İş sözleşmesini belirleyen ölçüt hukukî-kişisel bağımlılıktır. Gerçek anlamda hukukî bağımlılık işçinin işin yürütümüne ve işyerindeki talimatlara uyma yükümlülüğünü içerir. İşçi edimini işverenin karar ve talimatları çerçevesinde yerine getirir. İşçinin işverene karşı kişisel bağımlılığı ön plana çıkmaktadır. İş sözleşmesinde bağımlılık unsurunun içeriğini, işçinin işverenin talimatlarına göre hareket etmesi ve iş sürecinin ve sonuçlarının işveren tarafından denetlenmesi oluşturmaktadır. İşin işverene ait işyerinde görülmesi, malzemenin işveren tarafından sağlanması, iş görenin işin görülme tarzı bakımından iş sahibinden talimat alması, işin iş sahibi veya bir yardımcısı tarafından kontrol edilmesi, işçinin bir sermaye koymadan ve kendine ait bir organizasyonu olmadan faaliyet göstermesi, ücretin ödenme şekli, kişisel bağımlılığın tespitinde dikkate alınacak yardımcı olgulardır. Bu belirtilerin hiçbiri tek başına kesin ölçüt teşkil etmez. İşçinin işverenin belirlediği koşullarda çalışırken kendi yaratıcı gücünü kullanması ve işverenin isteği doğrultusunda işin yapılması için serbest hareket etmesi bağımlılık ilişkisini ortadan kaldırmaz.
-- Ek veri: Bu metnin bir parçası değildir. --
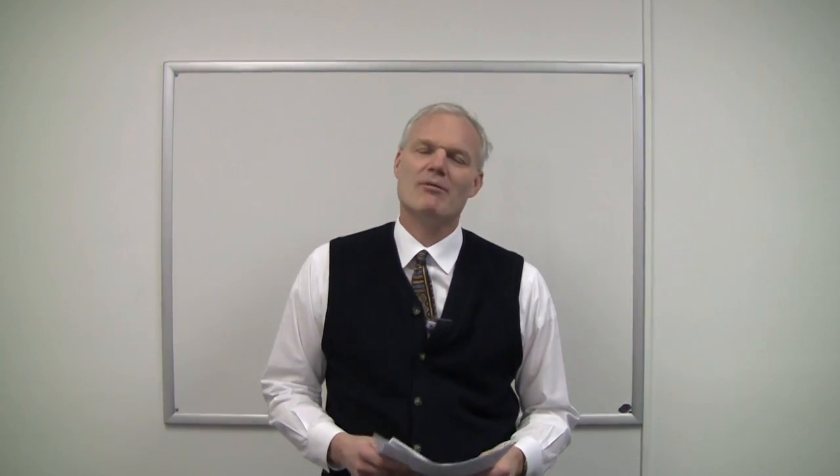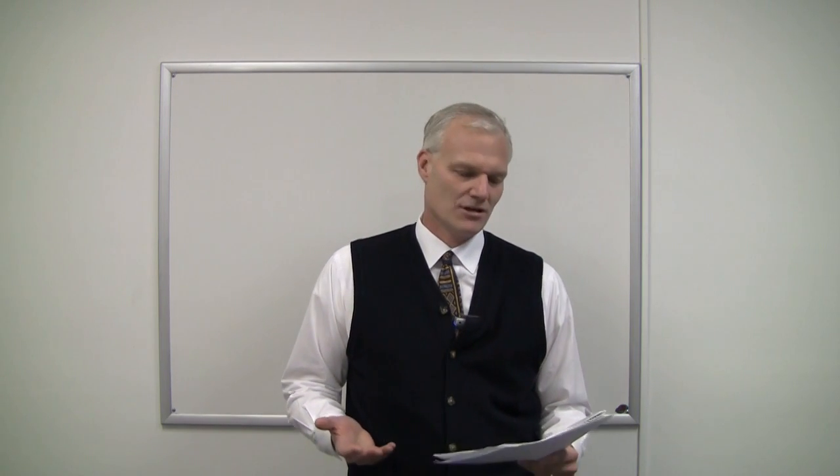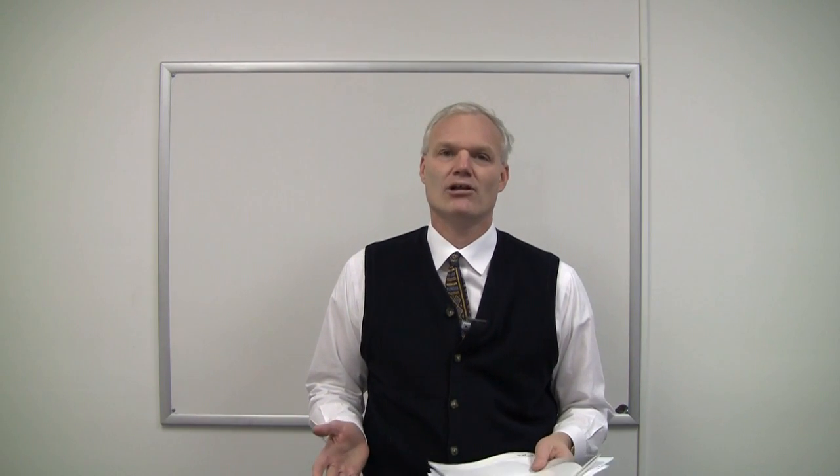Hi, this is Bob Wetterman. Today I'm going to talk about the IPC A630 specification that was just released in September of 2013. The spec's title calls it the acceptability standard for the manufacture, inspection, and testing of electronic enclosures.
Çalışanın işyerinde kullanılan üretim araçlarına sahip olup olmaması, kâr ve zarara katılıp katılmaması, karar verme özgürlüğüne sahip bulunup bulunmaması bağımlılık unsuru açısından önemlidir.
5521 sayılı İş Mahkemeleri Kanununun 1 inci maddesine göre, iş mahkemelerinin görevi “İş Kanununa göre işçi sayılan kimselerle işveren veya işveren vekilleri arasında iş akdinden veya iş Kanununa dayanan her türlü hak iddialarından doğan hukuk uyuşmazlıklarının çözülmesi”dir.
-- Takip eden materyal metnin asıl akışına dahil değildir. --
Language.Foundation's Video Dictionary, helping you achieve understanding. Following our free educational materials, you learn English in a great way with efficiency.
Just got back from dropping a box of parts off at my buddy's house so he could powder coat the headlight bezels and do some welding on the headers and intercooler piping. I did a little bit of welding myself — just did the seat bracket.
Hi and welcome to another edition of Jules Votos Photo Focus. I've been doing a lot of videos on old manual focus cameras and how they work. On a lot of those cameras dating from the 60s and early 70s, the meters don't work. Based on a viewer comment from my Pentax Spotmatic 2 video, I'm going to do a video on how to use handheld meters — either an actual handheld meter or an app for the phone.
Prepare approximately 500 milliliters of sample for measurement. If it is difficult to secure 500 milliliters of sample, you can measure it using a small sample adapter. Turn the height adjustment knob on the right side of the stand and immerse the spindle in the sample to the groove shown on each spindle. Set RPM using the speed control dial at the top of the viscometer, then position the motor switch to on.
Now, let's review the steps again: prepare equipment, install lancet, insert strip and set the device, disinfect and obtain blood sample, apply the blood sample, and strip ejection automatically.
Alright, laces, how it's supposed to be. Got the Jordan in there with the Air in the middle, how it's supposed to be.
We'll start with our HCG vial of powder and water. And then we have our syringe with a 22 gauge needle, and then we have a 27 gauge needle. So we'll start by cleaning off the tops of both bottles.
Dosya içeriğine göre davacı ile davalı arasında 02.11.2011 tarihli şantiye şefliği hizmet sözleşmesi imzalanmıştır. Sözleşmenin 3. Maddesinde açıkça davacının davalı işverenin talimatlarına göre hareket edeceği, 5. Maddesinde ise aylık maktu ücret alacağı kararlaştırılmıştır. Davacı 03.05.2013 tarihinde aylık ücretlerinin ödenmediği ve SGK giriş kaydının yapılmadığı gerekçesi ile sözleşmeyi feshettiğini belirtmiş ve işçilik alacaklarını talep etmiştir.
Somut uyuşmazlıkta, davacının sözleşmeye ve fesih ihtarına göre davalı işveren adına iş sözleşmesi ile çalıştığı anlaşılmakta olup, bu çalışma dönemi içinde sigorta priminin başka işverence yatırılması sonuca etkili değildir. Davacı işçi şantiye şefi olup aynı çalışma dönemi içinde değişik işverenlere ait inşaatların şantiye şefliğini yapabilir. Bu çalışması kısmi olarak nitelendirilmelidir. Davacının davalının üstlendiği kat karşılığı inşaat sözleşmesine göre yapılan inşaatte şantiye şefi olarak görev yaptığı anlaşılmaktadır. Kat karşılığı inşaat sözleşmesinde kurumların şantiye şefi aradığı ve bildirmek zorunda oldukları da açıktır. Davacı sözleşmeyi sunmuştur. Fiilen çalışmanın olmadığını, kayıt üzerinde kaldığını davalı işveren kanıtlayamamıştır. Taraflar arasında iş sözleşmesi kısmi de olsa kurulmuştur.
Mahkemece iş akdinin kurulmadığı gerekçesiyle davanın reddi isabetsiz olup bozmayı gerektirmiştir.
F) Sonuç:
Temyiz olunan kararın, yukarıda yazılı sebepten dolayı BOZULMASINA, peşin alınan temyiz harcının istek halinde ilgiliye iadesine 12.03.2015 tarihinde oybirliğiyle karar verildi.